# Kommerzielle Nutzung von Programmen



## Banchi (28. Dezember 2005)

Hallo erstmal.

Ich hoffe, dass das thematisch hierhin passt. Wo anders würde ich es fehl am Platz sehen. Egal. Hier meine Frage:

Was genau bedeutet es, wenn man ein Programm nicht kommerziell nutzen darf. (Ich habe zum Beispiel eine Studentenversion von Cinema4D.) Darf ich 0 Cent damit machen oder gibt eine Grenze als Art "kleines Taschengeld" (ähnlich wie beim 650€-Job). Würde mich interessieren, weil als Student kann man jeden Cent gebrauchen. 

Hoffe, jemand weiß gut Bescheid. ^^

Danke schon mal im Vorraus.


----------



## Night Vision Worker (29. Dezember 2005)

Die kommerzielle Nutzung ist jegliche gewinnbringende Nutzung. Wirst du also für eine 3D-Animation, etc. bezahlt, so ist das kommerziell.

Je nachdem was du machst, ließe sich das aber - in Absprache mit deinem Arbeitgeber/Auftraggeber - anders abrechnen. z.B.: Könntest du dich nicht für eine 3D-Animation, sondern die "konzeptionelle Entwicklung" bezahlen lassen. Problem hierbei ist: es wäre Betrug!

Dennoch: so lange du dich in einer Ausbildung - ganz gleich ob schulisch, im Betrieb oder an der Uni - befindest, kann ich mir nicht vorstellen, dass dich die Konzerne für 500€/Monat Nebenverdienst jagen würden.

.. dein Verdienst sollte sich aber wirklich im Minimal-Bereich bewegen. Und zwar so, dass du auch vor Gericht glaubhaft darlegen kannst, dass du dir die Vollversion des Programms auch in tausend Jahren nicht hättest leisten können.

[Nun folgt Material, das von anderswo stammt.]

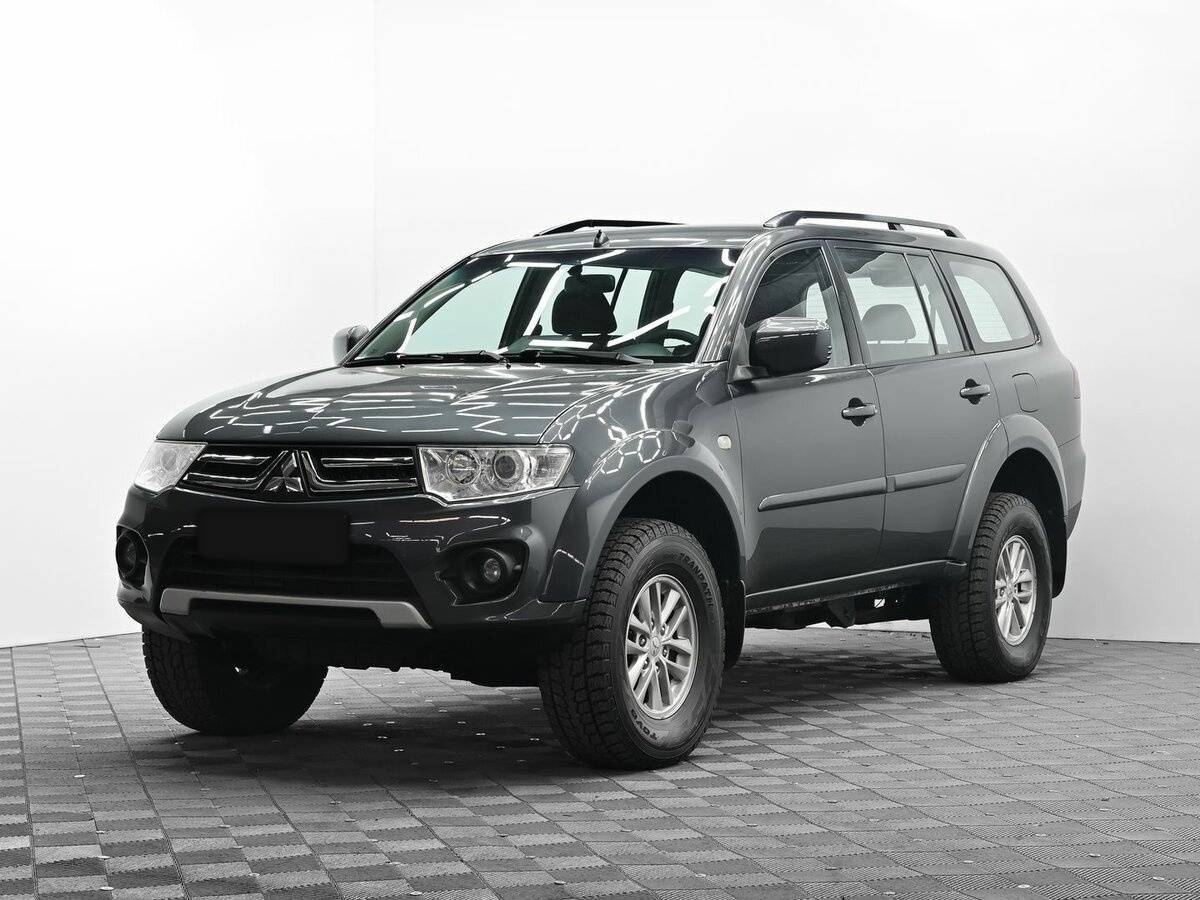 Купить Mitsubishi Pajero Sport с пробегом. Фото: #0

Zumindest habe ich das damals so gemacht! Als dann das "große" Geld kam habe ich mir nach und nach die einzelnen Programme zugelegt und mittlerweile verfüge ich über eine ganz ansehnliche Programmleiste! LEGALE Programme! 

Allerdings arbeite ich auch noch auf PS 7.0. CS2 würde sich zwar lohnen, aber da warte ich lieber noch ein paar Monate ab! 

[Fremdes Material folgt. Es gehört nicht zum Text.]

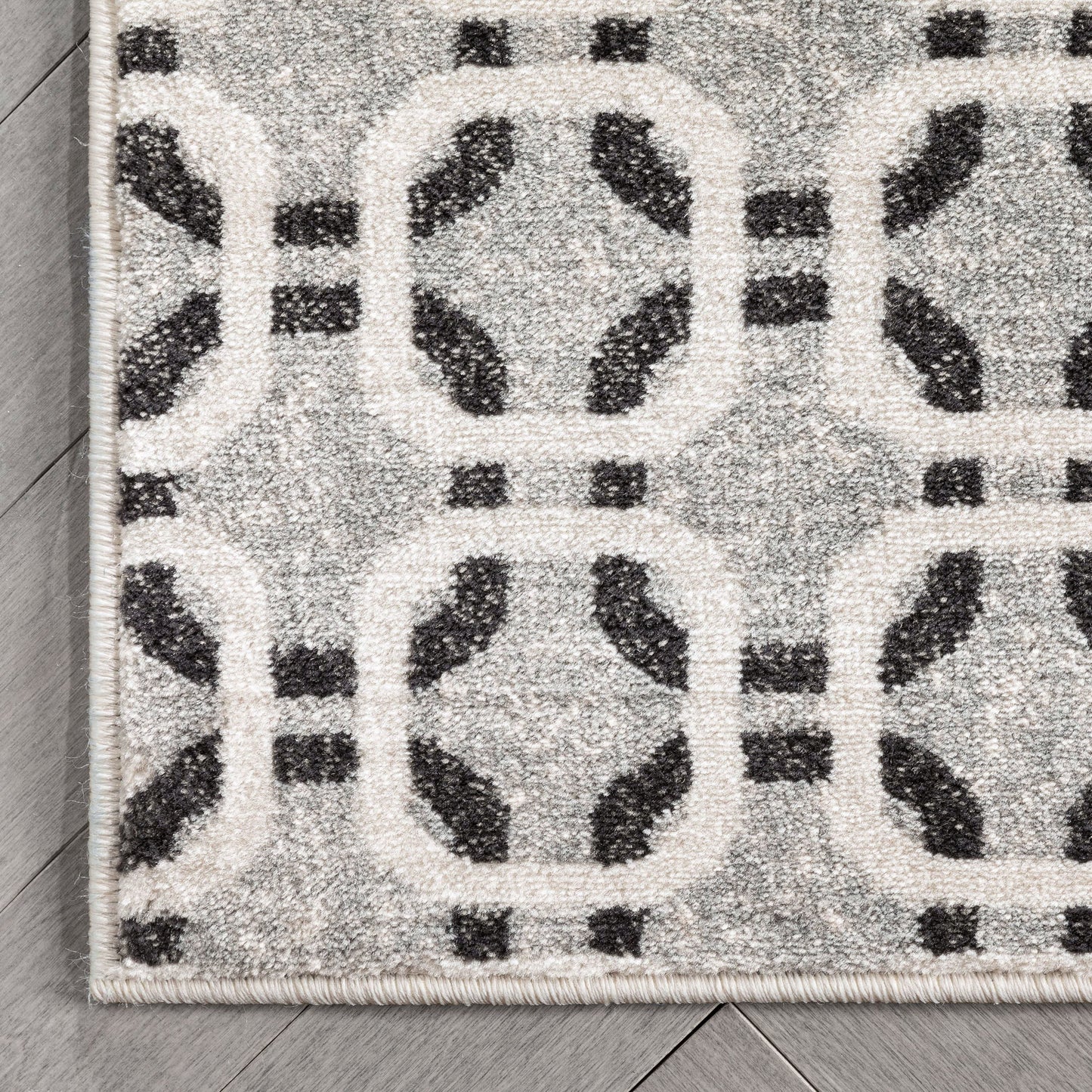 Wyatt Modern Geometric Light Grey Soft Rug BAL-67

.. und warum eigentlich nicht mal dem CEO von Adobe ne Mail schreiben und fragen ob man gesponsort wird?! Oder eine günstige Ratenzahlung vereinbaren kann? Ohne Zinssatz natürlich - man ist ja Student!


----------



## Rena Hermann (29. Dezember 2005)

Night Vision Worker hat gesagt.:
			
		

> Problem hierbei ist: es wäre Betrug!


Jupp - und darüber hinaus: Kommerzielle Nutzung bedeutet 
nicht nur dafür bezahlt zu werden, sondern auch, dass das Ergebnis einem kommerziellen 
Zweck dient. Also Daimler Chryler 'ne 3D-Animation schenken ... das wird nix. 
Ich weiß auch nicht, was dein Auftraggeber sich ggf. für Ärger einhandeln würde - schließlich
ist es sein Endprodukt, mit dem er an die Öffentlichkeit geht.

Gruß
Rena

PS: Ob dich jemand jagt oder es rauskommt oder ob 0, 10 oder 1000 Euro, spielt
für die Tatsache an sich (kommerziell != Bestandteil deiner Lizenz) keine Rolle.

PPS: Je nach Softwarehersteller wird das allerdings unterschiedlich gehandhabt.
Ggf. einfach dort nachfragen. Wenn allerdings unkommerziell (und bei Cinema ist
das meines Wissens so, bei Adobe hab ich schon anderes gehört, bei Macromedia
ist es wiederum streng gebunden, wohl auch jetzt noch), dann eben: nix verdienen 
und auch nix erstellen, das einem kommerziellen Zweck dient. 
Deshalb ist's ja so billig ... ansonsten schreib ich mich mal kurz für frühchinesische 
Geschichte ein oder so ...


----------



## jackassol (14. März 2006)

wie ist das denn bei musik? Für die Homepage? Wenn steht für nicht kommerzielle zwecke geeignet darf ich es dann nehmen? Oder wie?

zb hier:


----------



## The_Maegges (21. März 2006)

Generell zieht hier das Urheberrechtsgesetz.
Übrigens ein Tipp an alle Studenten unter euch:

Die Creative Suite 2 von Adobe kostet für Studenten "nur" knapp 500 Euro und (die Antwort hab ich von der Adobe Educational Hotline) man darf damit sowohl kommerziell arbeiten, als auch die Software weiterbenutzen, wenn man nicht mehr studiert.
Einziges Manko:
Die Upgrades auf spätere Versionen gibts nicht vergünstigt und auch Studenten müssen für diese den "Handelspreis" zahlen.

Übrigens kostet Photoshop CS2 glaub ich so um die 270 Euro für Studis.

Thema Musik auf der Homepage: Ballz.de hat wegen der Verwendung von knapp 10 Sekunden Song in nem Flashfilm gerichtlich sowas von Stress bekommen, dass die Seite jetzt praktisch dicht ist - noch Fragen?

Mein Motto: Pack auf deine Page nur den Scheiss, den du selbst fabriziert hast, dann kann dich auch keiner verklagen


----------